===== EXERCISE INPUTS

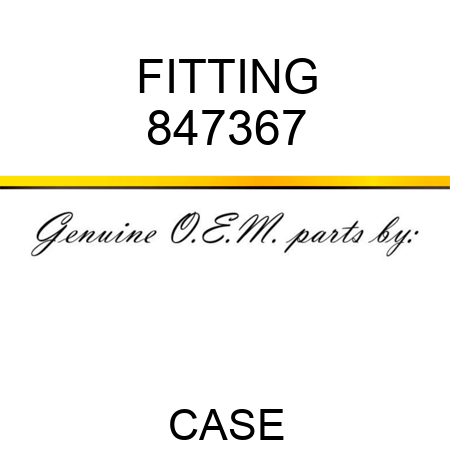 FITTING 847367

==========
===== EXERCISE INPUTS

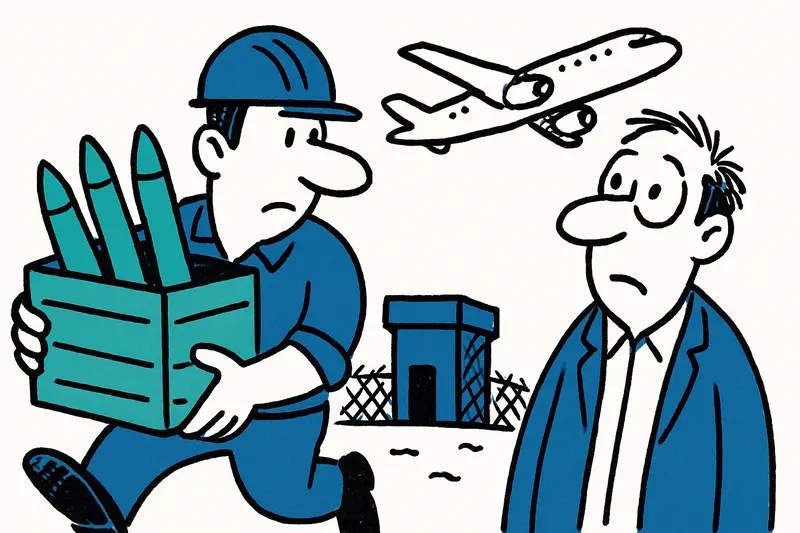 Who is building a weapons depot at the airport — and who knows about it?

==========
===== EXERCISE INPUTS

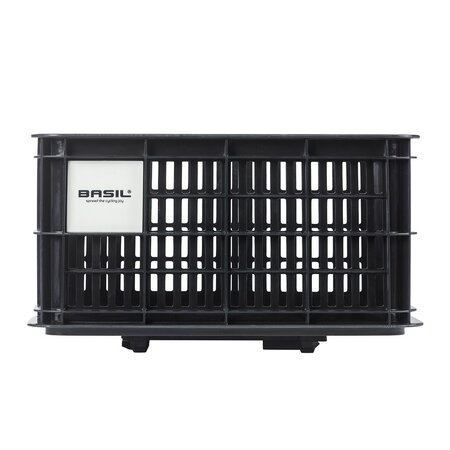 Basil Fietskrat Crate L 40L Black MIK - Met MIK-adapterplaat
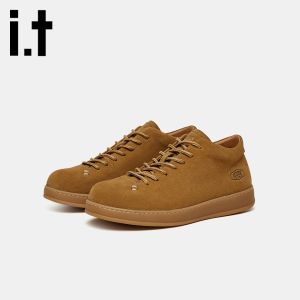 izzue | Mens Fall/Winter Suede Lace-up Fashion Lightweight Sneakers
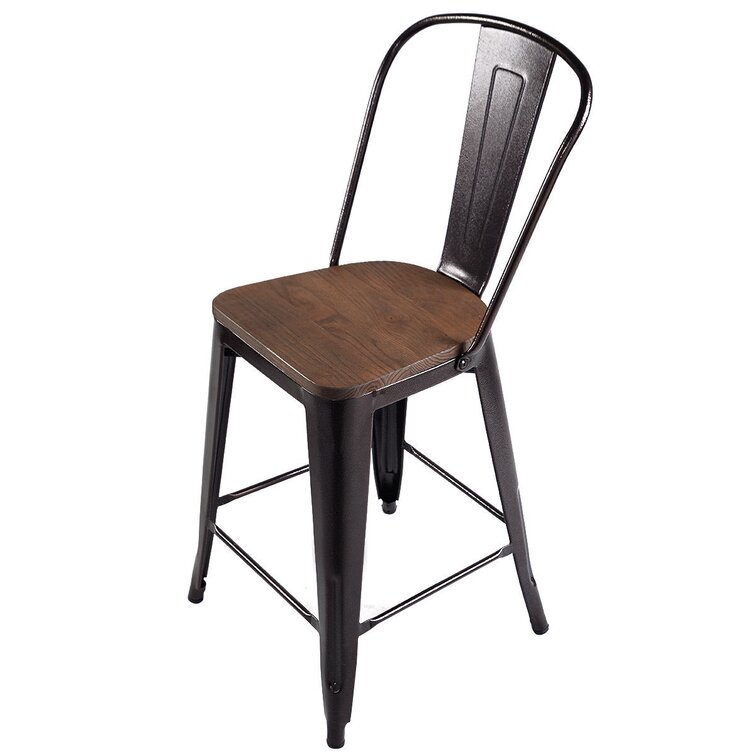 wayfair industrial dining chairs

==========

• **ACTIVITY**: Reproduce the listing above exactly from the line containing "Basil Fietskrat Crate" up to and including the line containing "wayfair industrial dining chairs", omitting any images and everything outside those lines.

• **THE COMPLETED TASK**:
 Basil Fietskrat Crate L 40L Black MIK - Met MIK-adapterplaat
 izzue | Mens Fall/Winter Suede Lace-up Fashion Lightweight Sneakers
 wayfair industrial dining chairs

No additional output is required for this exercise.